Good, though, that the guy on the Norton was just idling past. Well, almost good, because that instant the motorcycle sweeps her away doesn’t actually hurt. Not then.

Heads swivel. Someone screams. Three strangers, two men, one girl, rush to help. Even the guy who’s knocked her down gets up and limps over, leaving all that vintage machinery splayed on the road without a glance.

This is all surreal.

Swatting kind hands away, Jesse levers to her knees, stands, and wobbles as she smooths her skirt,

“No, I’m fine. Really. This?” Her pretty blouse is a bit ripped at the front. Well, a lot ripped. She pulls the jacket closed, but moving her right arm hurts. “No, really, it’s nothing. Thanks. Truthfully, all’s well. I just didn’t see.”

The bag!
Panicked, she tries to find it. Gutter. Footpath. “My shoulder bag? Has anyone seen my—”

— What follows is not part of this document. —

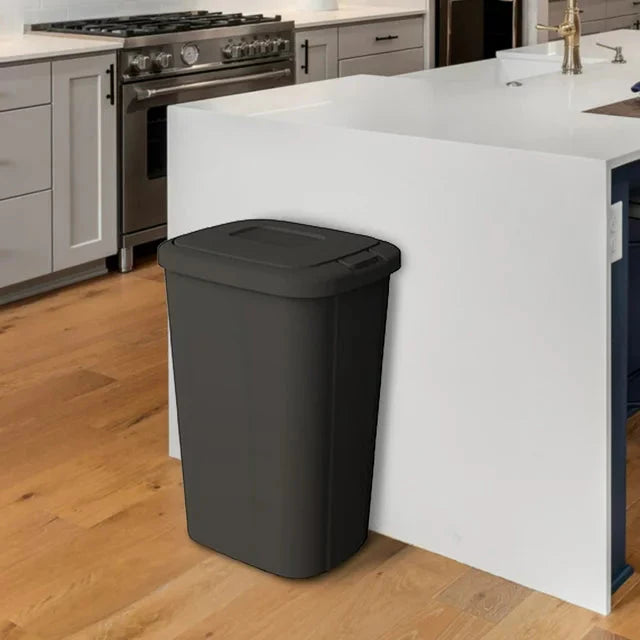 Hefty 13.3 Gallon Trash Can, Plastic Touch Top Kitchen Trash Can, Black - Amado Deals - wholesale and distributors with free shipping in United States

The guy who took her down looks even more embarrassed. He almost points, but clears his throat instead.

There it is, still on the
other
shoulder. “I just need to be—that is . . .”
Somewhere
, anywhere, out of this.

Jesse takes the piece of paper he offers. The guy’s scribbled an address and his name on the back of, what? A butcher’s bill.

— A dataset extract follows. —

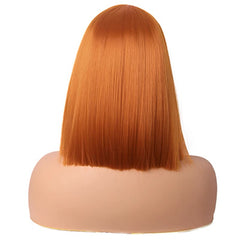 Ginger Orange Short Straight Blunt Cut Fringe Bob Wig for Halloween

“George, is it? Thanks. I mean, that is, you’re very kind. It was my fault.” She can feel her face hitch up in a grin.

That confuses the poor man, but Jesse doesn’t offer him her name. And she doesn’t have an address; just the hostel, and she’s only staying there for one more night.

“That’s my bus.” It isn’t, but it’s stopping and at least she knows the name on the front: Smithfield. Jesse half runs, to the
extent she can. And lurches up the steps as the front door sighs open.

“Ticket?”

“What?”

“Where’s your ticket, love?” The black driver is a patient man but it’s lunchtime.

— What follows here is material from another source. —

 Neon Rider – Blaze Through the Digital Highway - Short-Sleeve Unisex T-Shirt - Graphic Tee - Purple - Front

Her right shoulder hurts now, as well as her arm, so Jesse scrabbles with her left hand in the bag. “It’s here somewhere.” She’s so close to crying when she hands it over.

The man clips her pass, and Jesse stumbles along the deck as the bus takes off. There’s an empty seat by the back door and, wincing, she swings herself into it, left hand on the pole.

Where is she going, really?

Away. That’s all. Away from this place to another one.

But the old bus bumps over a broken road near Smithfield Market, more pothole and rut than street, and Jesse pings the bell. Enough!

She stands alone among another crowd as the bus growls away from the curb.

And starts to walk. There’s a hospital around here; maybe she should get her arm checked. Or, not so much her arm but her shoulder, though it’ll cost money she doesn’t have.

No. Can’t be done.

There’s a secret in this busy street, and Jesse finds it though she doesn’t know she’s looking. Maybe the entrance is deliberately hard to spot and that’s why she almost walks past. Almost. But she stops when she sees the sign to St. Bartholomew the Great. A garden is on the other side of an open, ancient door, a place of green leaves and soft light. And there’s an empty bench to sit on. Maybe she’ll just catch her breath, only for a moment.

Nearly a thousand years old, this church: that’s what the sign says. That’s around how old Jesse feels. Her head’s aching and her right shoulder—well, it doesn’t feel much like a shoulder. It feels like a thing that’s all about misery.

Like an old woman, she walks the path between the graves, makes it to the seat, and sits. She’s not Zen enough to ignore her shoulder; it hit the ground first and the throb in the joint is a half-heard drum.

Can she will the pain away? She tries.